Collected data
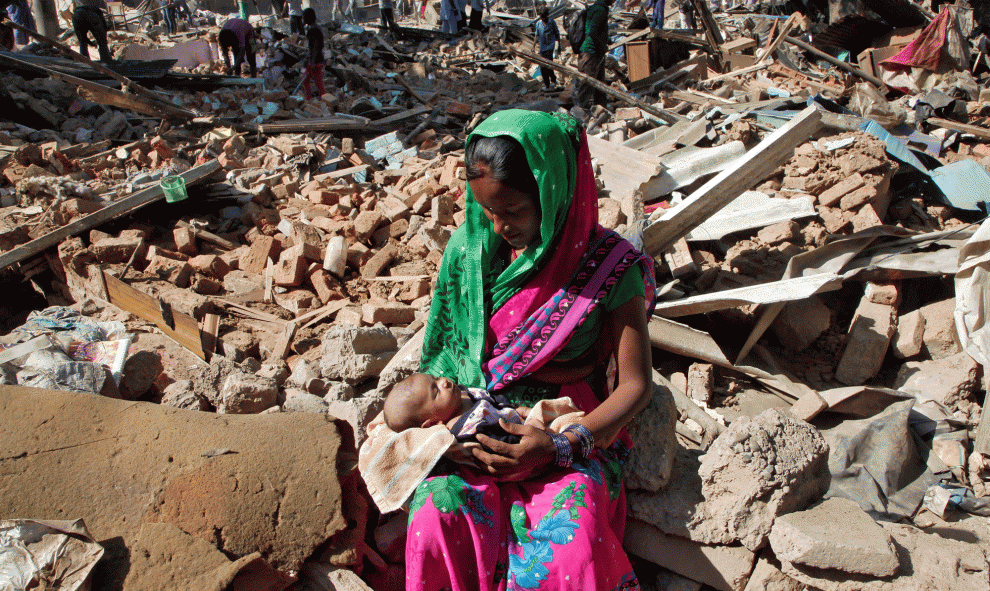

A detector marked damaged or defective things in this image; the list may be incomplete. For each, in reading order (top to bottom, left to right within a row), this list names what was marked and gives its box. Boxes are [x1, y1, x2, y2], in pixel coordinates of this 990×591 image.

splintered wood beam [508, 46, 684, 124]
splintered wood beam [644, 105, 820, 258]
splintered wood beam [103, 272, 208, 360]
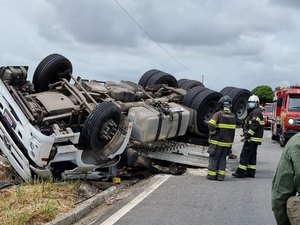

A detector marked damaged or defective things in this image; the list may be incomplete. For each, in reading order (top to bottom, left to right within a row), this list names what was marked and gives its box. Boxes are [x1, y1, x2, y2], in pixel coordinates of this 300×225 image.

#### [What you will do]
Reproduce the data above without a single change, please, but without its pictures.

#### [Response to this task]
A detector marked damaged or defective things in this image; the list may be incomplete. For each, in reading order (top to bottom, left to right within a row), this list names what was marked and gives its box. Boxes are [x1, y1, x2, y2], in pixel coordinates of this 990×591 image.

splintered wood beam [508, 46, 684, 124]
splintered wood beam [644, 105, 820, 258]
splintered wood beam [103, 272, 208, 360]

A detector marked damaged or defective things in this image; the list may be incomplete. For each, in reading order (top to bottom, left to right within a row), this list names what was marked and gives its box. Boxes are [x1, y1, x2, y2], in pixel coordinates of this 300×225 image.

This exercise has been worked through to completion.